Menurut teori van Naerssen, pada masa pemerintahan Rakai Panangkaran (pengganti
Sanjaya sekitar tahun770-an), kekuasaan atas Medang direbut oleh Wangsa
Syailendra yang beragama Buddha Mahayana.
Prasasti Peninggalan Mataram Kuno |
Mulai saat itu Wangsa
Syailendra berkuasa diseluruh Pulau Jawa, bahkan berhasil pula menguasai
Kerajaan Sriwijaya penguasa seluruh Pulau Sumatra. Sampai akhirnya, sekitar
tahun 840-an, seorang keturunan Sanjaya bernama Rakai Pikatan berhasil menikahi
Pramodawardhani putri mahkota Wangsa Syailendra. Berkat perkawinan itu ia bisa
menjadi raja Medang, dan memindahkan istananya ke Mamrati (Magelang).
Peristiwa tersebut
dianggap sebagai awal kebangkitan kembali Wangsa Sanjaya.
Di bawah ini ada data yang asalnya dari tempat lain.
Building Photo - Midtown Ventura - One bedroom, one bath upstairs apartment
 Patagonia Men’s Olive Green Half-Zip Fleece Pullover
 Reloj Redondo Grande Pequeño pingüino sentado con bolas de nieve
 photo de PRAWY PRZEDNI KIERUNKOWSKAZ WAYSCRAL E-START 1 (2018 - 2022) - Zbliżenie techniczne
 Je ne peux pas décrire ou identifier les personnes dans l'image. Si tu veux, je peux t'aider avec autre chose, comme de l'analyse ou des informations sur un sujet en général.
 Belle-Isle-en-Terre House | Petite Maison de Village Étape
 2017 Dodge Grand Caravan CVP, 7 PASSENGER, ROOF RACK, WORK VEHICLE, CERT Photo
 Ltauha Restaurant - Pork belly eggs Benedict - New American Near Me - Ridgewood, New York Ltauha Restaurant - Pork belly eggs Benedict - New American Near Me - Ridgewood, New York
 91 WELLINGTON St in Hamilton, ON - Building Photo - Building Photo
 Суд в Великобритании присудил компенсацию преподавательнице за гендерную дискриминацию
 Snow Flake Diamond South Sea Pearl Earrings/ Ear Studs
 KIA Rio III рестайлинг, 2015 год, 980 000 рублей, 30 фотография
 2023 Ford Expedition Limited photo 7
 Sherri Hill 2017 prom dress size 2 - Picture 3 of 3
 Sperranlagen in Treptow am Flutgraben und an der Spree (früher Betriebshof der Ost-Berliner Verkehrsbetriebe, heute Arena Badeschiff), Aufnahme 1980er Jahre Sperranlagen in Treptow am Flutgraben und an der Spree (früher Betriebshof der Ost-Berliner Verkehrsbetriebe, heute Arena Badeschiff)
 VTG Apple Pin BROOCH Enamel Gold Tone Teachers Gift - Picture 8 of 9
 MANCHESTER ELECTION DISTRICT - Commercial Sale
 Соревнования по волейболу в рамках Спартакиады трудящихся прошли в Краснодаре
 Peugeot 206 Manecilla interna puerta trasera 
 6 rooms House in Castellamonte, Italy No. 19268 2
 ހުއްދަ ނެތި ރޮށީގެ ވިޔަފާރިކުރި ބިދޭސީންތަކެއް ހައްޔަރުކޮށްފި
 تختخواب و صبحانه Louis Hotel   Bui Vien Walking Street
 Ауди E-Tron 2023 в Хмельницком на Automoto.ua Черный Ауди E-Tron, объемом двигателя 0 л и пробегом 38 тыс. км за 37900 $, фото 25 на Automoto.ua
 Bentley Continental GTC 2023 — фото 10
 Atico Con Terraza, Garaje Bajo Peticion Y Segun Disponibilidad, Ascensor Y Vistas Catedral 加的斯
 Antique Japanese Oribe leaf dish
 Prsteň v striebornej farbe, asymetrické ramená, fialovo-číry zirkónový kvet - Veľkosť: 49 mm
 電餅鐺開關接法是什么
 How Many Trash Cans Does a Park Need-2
Menurut teori Bosch,
nama raja-raja Medang dalam Prasasti Mantyasih dianggap sebagai anggota Wangsa
Sanjaya secara keseluruhan. Sementara itu Slamet Muljana berpendapat bahwa
daftar tersebut adalah daftar raja-raja yang pernah berkuasa di Medang, dan
bukan daftar silsilah keturunan Sanjaya. Contoh yang diajukan Slamet Muljana
adalah Rakai Panangkaran yang diyakininya bukan putra Sanjaya. Alasannya ialah,
prasasti Kalasan tahun778 memuji Rakai Panangkaran sebagai “permata wangsa
Syailendra” (Syailendrawangsatilaka). Dengan demikian pendapat ini menolak
teori van Naerssen tentang kekalahan Rakai Panangkaran oleh seorang raja
Sailendra.
Menurut teori Slamet
Muljana, raja-raja Medang versi Prasasti Mantyasih mulai dari Rakai Panangkaran
sampai dengan Rakai Garung adalah anggota Wangsa Syailendra. Sedangkan
kebangkitan Wangsa Sanjaya baru dimulai sejak Rakai Pikatan naik tahta
menggantikan Rakai Garung. Istilah Rakai pada zaman Medang identik dengan Bhre
pada zaman Majapahit, yang bermakna “penguasa di”. Jadi, gelar Rakai
Panangkaran sama artinya dengan “Penguasa di Panangkaran”. Nama aslinya
ditemukan dalam prasasti Kalasan, yaitu Dyah Pancapana.
Slamet Muljana
kemudian mengidentifikasi Rakai Panunggalan sampai Rakai Garung dengan
nama-nama raja Wangsa Syailendra yang telah diketahui, misalnya Dharanindra
ataupun Samaratungga yang selama ini cenderung dianggap bukan bagian dari
daftar para raja versi Prasasti Mantyasih. Sementara itu, dinasti ketiga yang
berkuasa di Medang adalah Wangsa Isyana yang baru muncul pada ‘’periode Jawa
Timur’’. Dinasti ini didirikan oleh Mpu Sindok. Sri Maharaja Isyana
Dharmawangsa Teguh Anantawikramottunggadewa adalah raja terakhir Kerajaan
Medang yang memerintah pada tahun 991–1007 atau 1016.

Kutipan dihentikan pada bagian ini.